It’s Wednesday and we’re on the road again. The city of Dole, in Jura, is our next destination. We’ve never been to Jura so we’re keen to see what it has to offer. As luck would have it, it’s Market Day tomorrow and we’re hoping it’s going to be authentic and cheap. We won’t be flashing the cash otherwise.

After replenishing the fridge in the Geant Casino supermarket outside Dijon, we avail ourselves of some of their Gazole too, though the fuel price wasn’t the best we’d seen. It was simply convenient to fill up at the same location.

The Motorhome Aire in Dole was easy to find- especially when we saw a row of about 20 Motorhomes together, a tell-tale sign. Free parking, near the river and within about 3 minutes walk of the city centre. Starting walking up pedestrian streets, we reach Tourist Information, in an altogether busier area. It turns out Dole has a self-guided walking tour similar to Dijon, though this time it’s cat symbols on the pavements, not owls, which show our way.

It’s quite a meander, revealing beautiful gardens and impressive buildings, among them the Hotel Dieu, previously a hospital for the poor.

The Collegiate Church of Notre Dame dominates the skyline, and we have a direct view of this from our parking spot.

Dole is proud of its history and its famous residents from the past, notably Louis Pasteur and the writer Marcel Ayme, whose book about the “chat perche” inspired the theme of the guided tour, and there is a Food Festival this weekend. Sadly we will miss that as we’re moving on tomorrow.

Dijon

Monday? No Monday morning blues for us. The overnight rain stopped soon after midnight and we’re raring to go. In fact, we’re last to leave the Camping Car Park at Seurre.

Dijon is capital of the Burgundy region, so it would be rude to miss it. There is a Motorhome Aire just outside the municipal campsite which costs a few €s less than “proper” camping. Oh yes, the Satnav sent us down a road in Seurre which had a 3.5ton weight limit- OK, but we soon saw it was also a damned narrow street, and we didn’t fancy scraping against any houses, so reverse gear was quickly engaged by Andrew…for a good 100 yards or so…scary stuff but well worth it. Back on a more suitable route- (Thanks for nowt, Satnav) Dijon was calling us.

Camping du Lac Kir was easy to find, other than a quick detour having missed the last right turn.
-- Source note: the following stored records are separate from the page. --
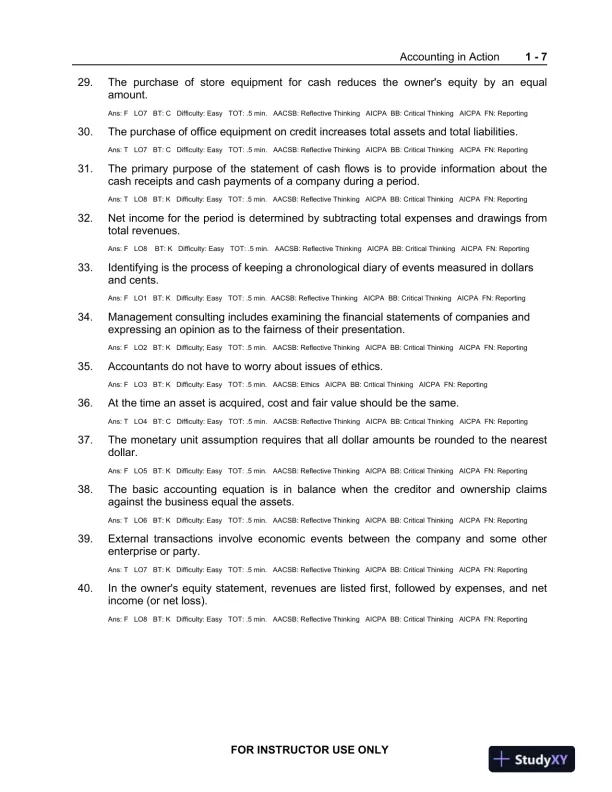Test Bank For Accounting Principles, 11th Edition - Page 8 preview image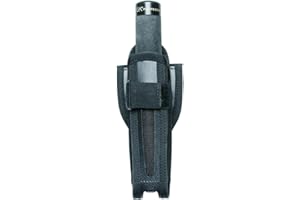 GK Pro® Étui pour bâton télescopique – Système pivotant TURNSTOP 180° avec 5 Positions – Ouverture en Bas – Cuir/Polyamide Haute ténacité – Compatible Ceinturon 50 mm et bâtons ≤33 mm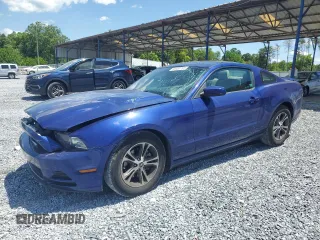 2014 Ford Mustang V6 with VIN 1ZVBP8AM9E5318520, listed as a Copart auction lot 58080755 with 67,778 mi miles and Salvage title. Bid and sale history available at DreamBid. Image 1.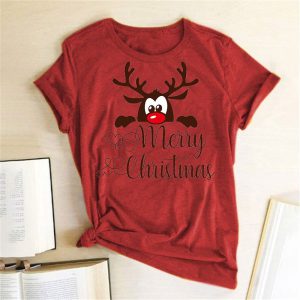 Women's Elk Print T-Shirt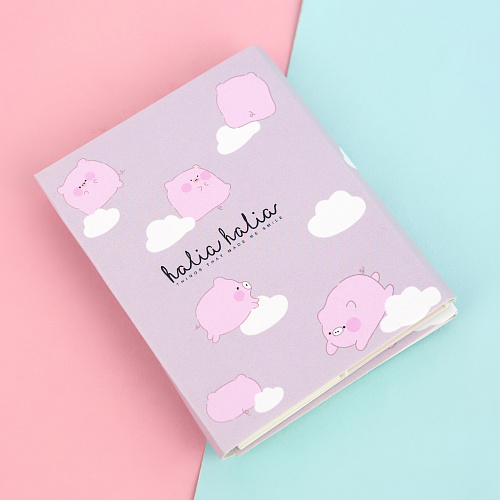 Набор стикеров "Cutie pig" (серый)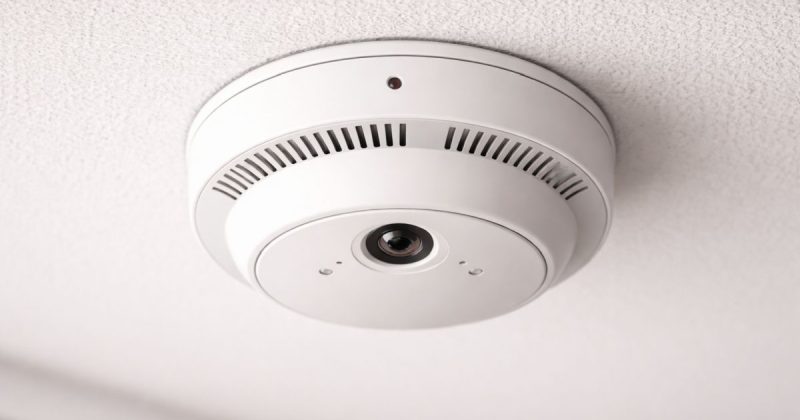 מצלמה בגלאי עשן: שימושים נפוצים והיבטים חוקיים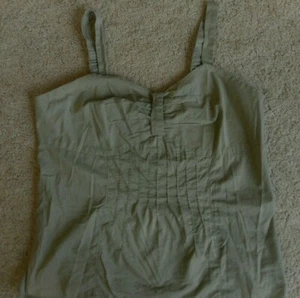 Top de verano Venezia sin mangas con correa de espagueti verde claro talla 16 para mujer - Imagen 1 de 11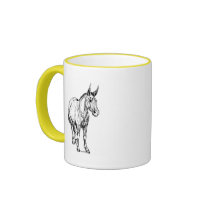 Regal Mule Simple Sketch mugs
We paid upfront for 2 nights, then chose a space in the Aire. After a quick lunch- the usual baguette and fromage combo, we cycled into the city. Mostly along the riverside but also through a bit of traffic, though there are lots of cycle/bus lanes to use.

Wow, what a place! Tourist information gave us the customary self- guided walking tour leaflet- follow the owl symbols on the pavements- and we wandered round, ogling at the magnificent buildings interspersed with medieval homes.

Notre Dame, a magnificent 13th Century church is quite a sight, with its many gargoyles and looted clock on the top. Apparently the original gargoyles were taken down after a moneylender was crushed by one. In the 19th century, 7 sculptors created replacements.

Inside the church, there is a beautiful collection of stained glass windows, including rose windows ; one depicting the origins of the universe and one apparently showing the end of time. Very deep.

Another important Dijonnaise building is the Maison Milliere, built in 1483 by a merchant of the same name. The facade is wood beamed walls and enamelled bricks. This house featured in the Gerard Depardieu film Cyrano de Bergerac.

We saw a sign for an “Exhibition Rude” which sounded interesting. It turns out Francois Rude was an eminent sculptor who was born in Dijon in 1784. His most famous work is the Marseillaise on the Arc de Triomphe in Paris. Oh well…at least there was no charge for the exhibition.

Dijon is definitely one of those places where you constantly have to look upwards- to fully take in the architecture.

The very grand Post Office is next to a most unusual Art Nouveau building with pagoda roofs- both designed in the early 20th century by the same architect , one Louis Perreau.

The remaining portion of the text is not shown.